Between 5,000 and 7,000 Chinese tourists have arrived in Taiwan per day during the first few days of the holiday week, about the same level as last year, according to bureau data.
Under China's Tourism Law, travel groups are prohibited from luring tourists with low-priced tours and then making money by receiving commissions from shops to which they bring their tour groups or by requiring additional fees for certain services.
The law has already resulted in significant price hikes.
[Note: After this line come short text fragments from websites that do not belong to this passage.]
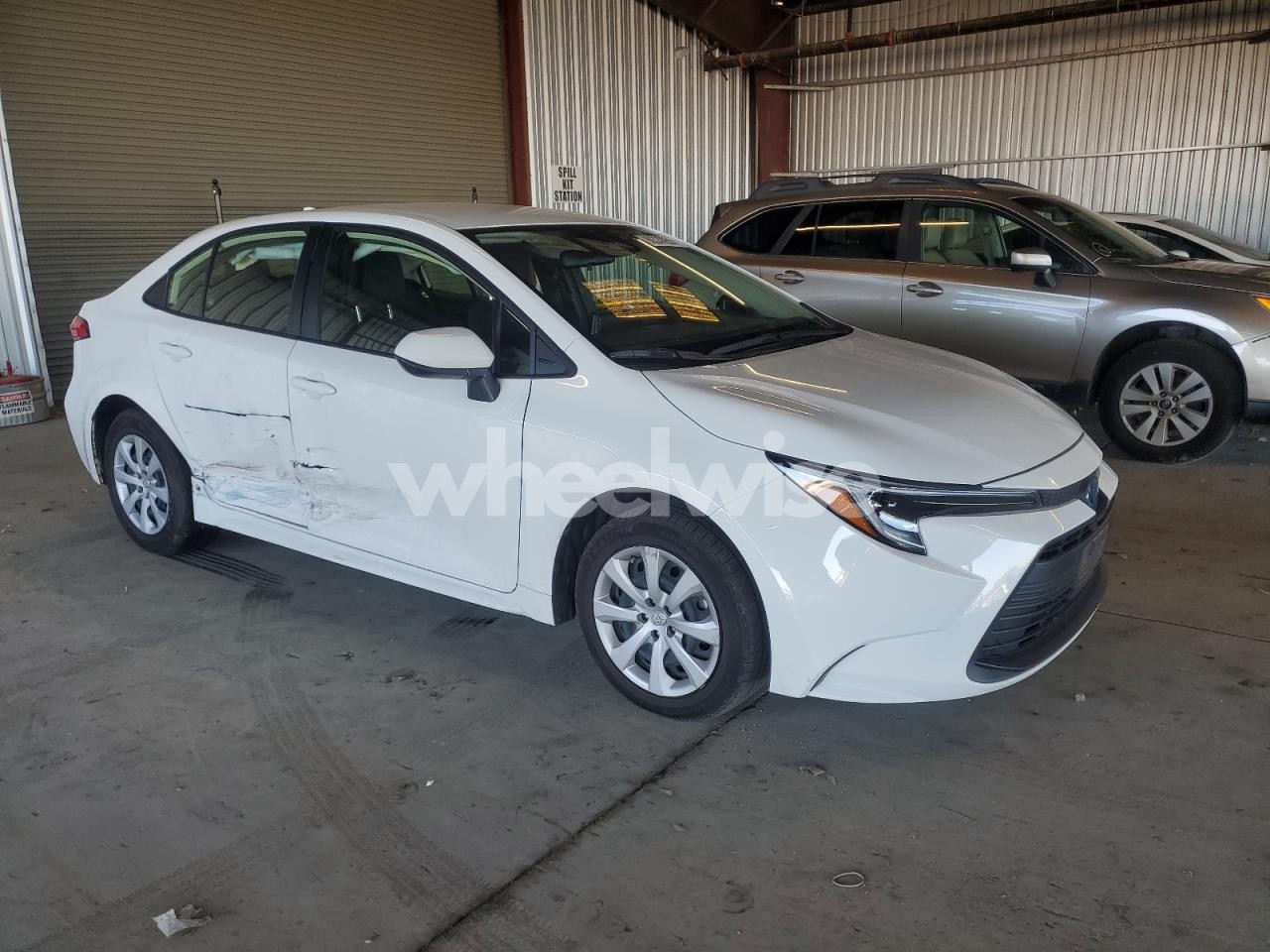 Photo 4 of 2024 TOYOTA COROLLA LE (VIN JTDBCMFE1R3047463)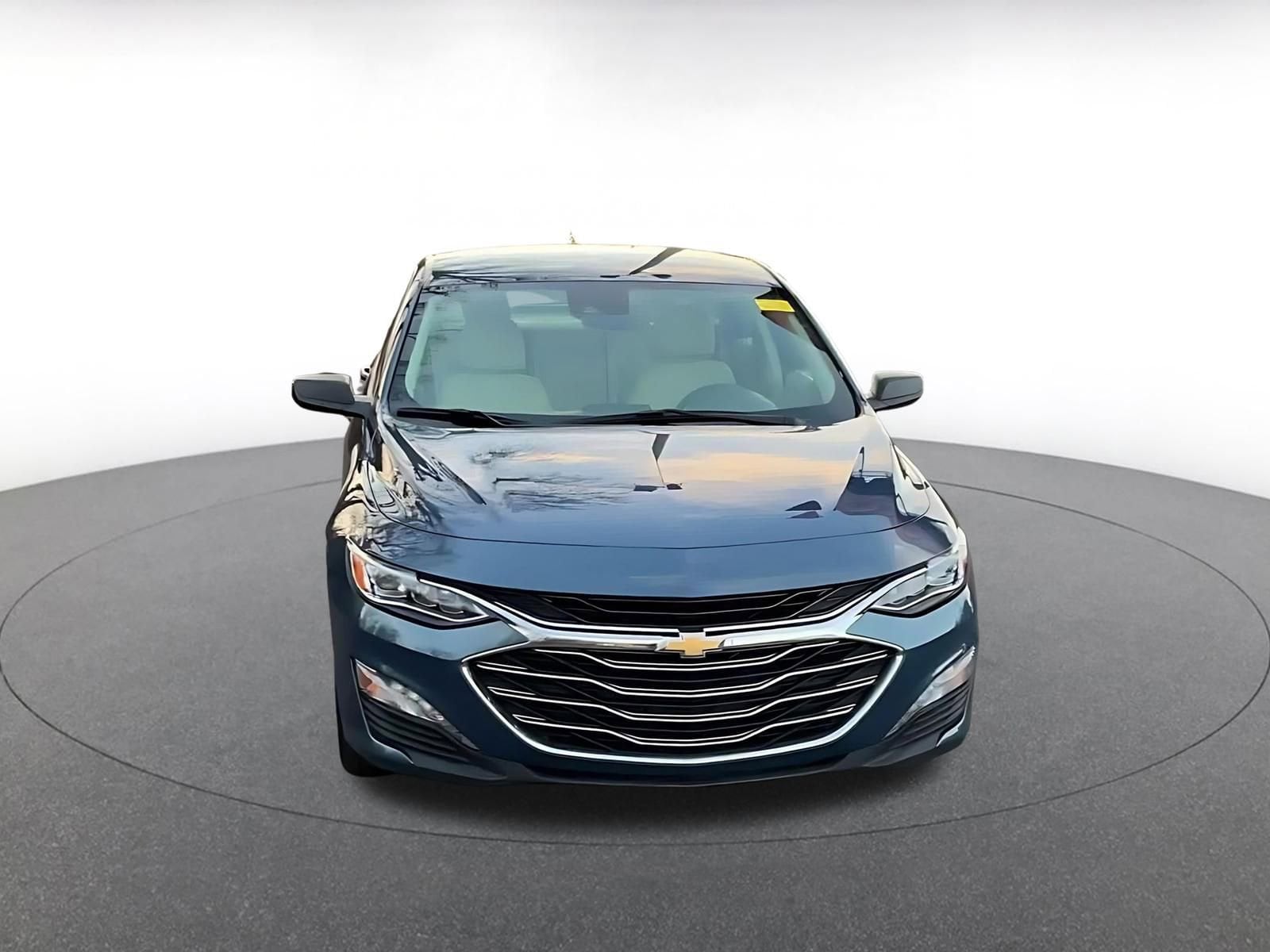 Thumbnail: 2024 Chevrolet Malibu - 4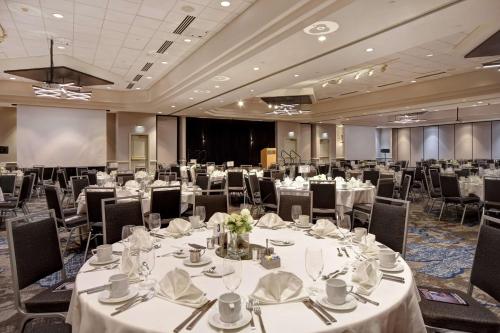 embassy suites charleston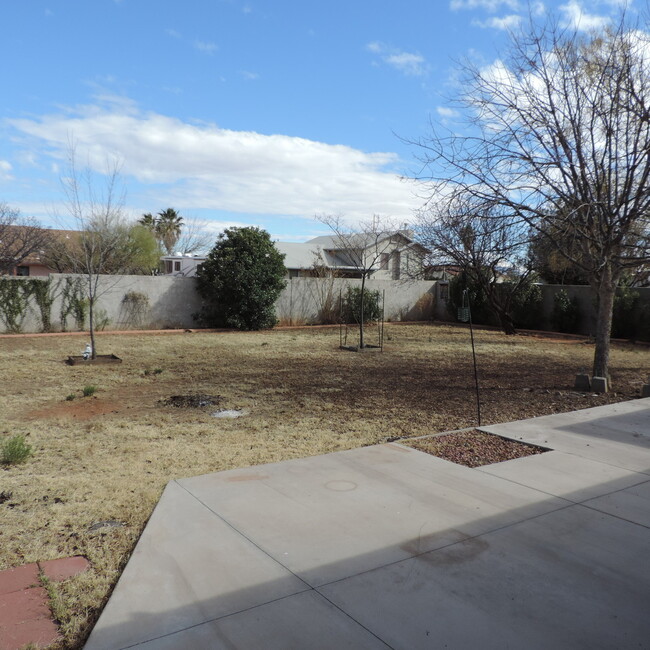 Building Photo - Country Club Estates Home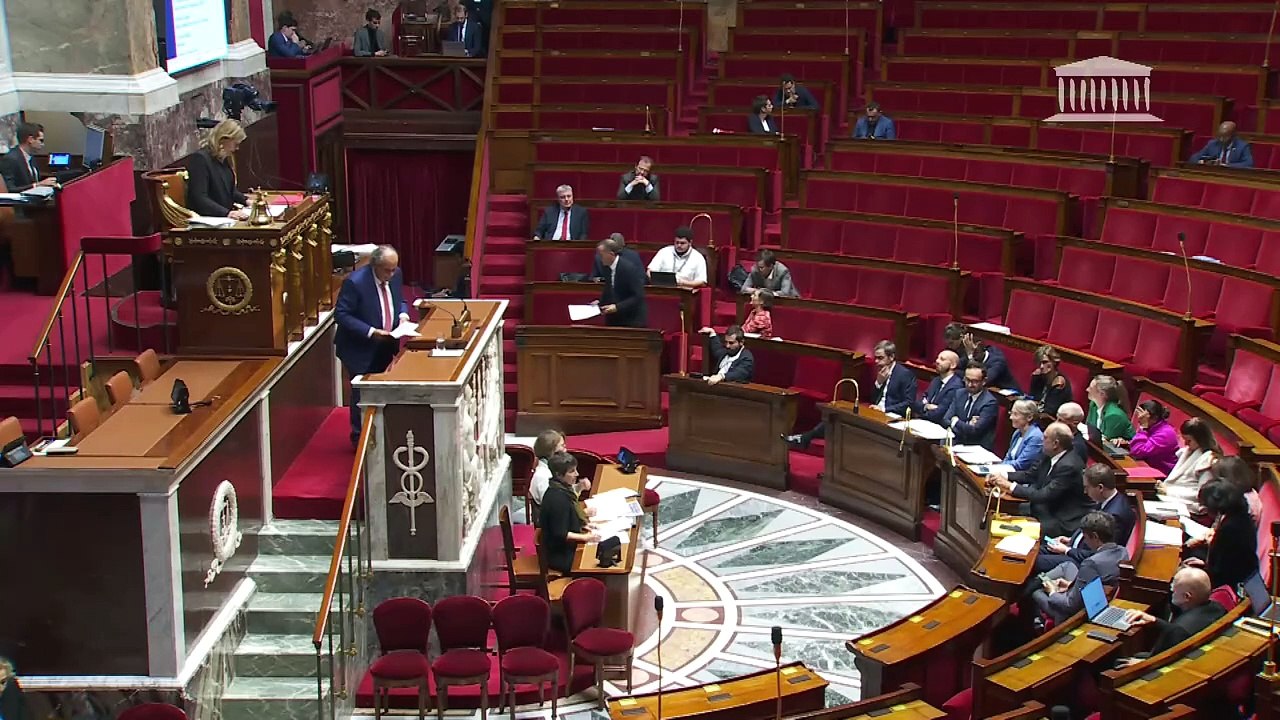 2ème séance : Deux motions de censure (art. 49, al. 3, de la Constitution ; première partie PLF 2024) (discussion commune et votes) - Vendredi 20 octobre 2023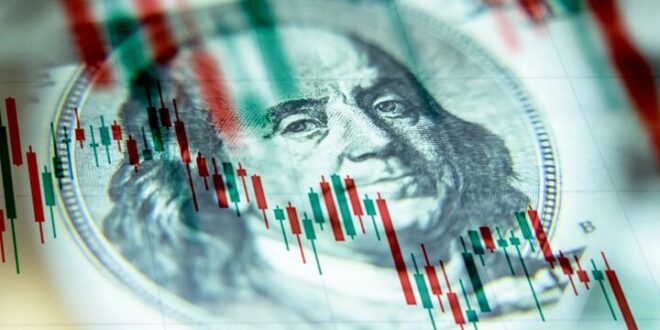 کاهش قیمت دلار به تالار مرکز مبادله رسید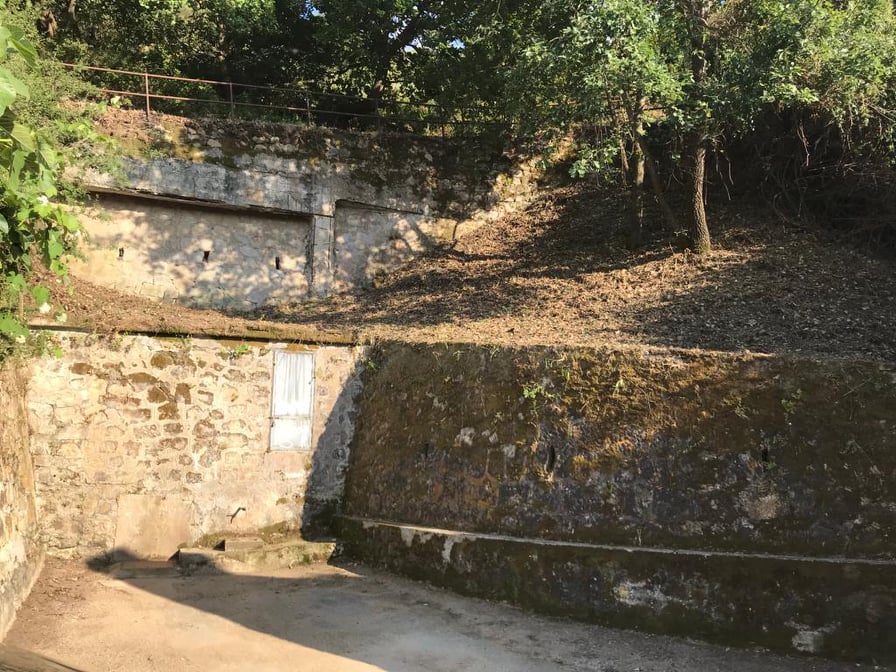 BROLO – Ripulita “la Cuba”, tra le antiche fontane del paese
A typical eight-day-seven-night tour package for tourists from southeastern China, for example, has risen to between 6,500 Chinese yuan (US$1,000) and 7,000 yuan from the previous 3,000 yuan during the peak travel season.
China's overall tourist numbers arriving in Taiwan over the next week could fall 10 percent from the record 33,748 Chinese group tourists who visited Taiwan between Sept. 30 and Oct. 7 last year, the Travel Agent Association of the Republic of China predicted.
“The price factor is not a major concern for those determined to take advantage of the long holiday break to travel,” said association secretary-general Roget Hsu.
Once the peak travel period ends, however, the new law could take a much harsher toll, Hsu said, predicting that the local tourism sector could suffer a 30 to 50 percent decLINE in sales from the inbound Chinese tourist market by the end of the year.
The transitional period could last until Chinese New Year, when travel demand surges again, but both Chen and Hsu agreed that the new law will eventually benefit the cross-Taiwan Strait travel market. “The law will help weed out rogue players in the tourism sector,” Chen said.
Taiwan attracted a record 2.6 million visitors from China in 2012. During the first eight months of this year, about 1.9 million Chinese visitors came to Taiwan.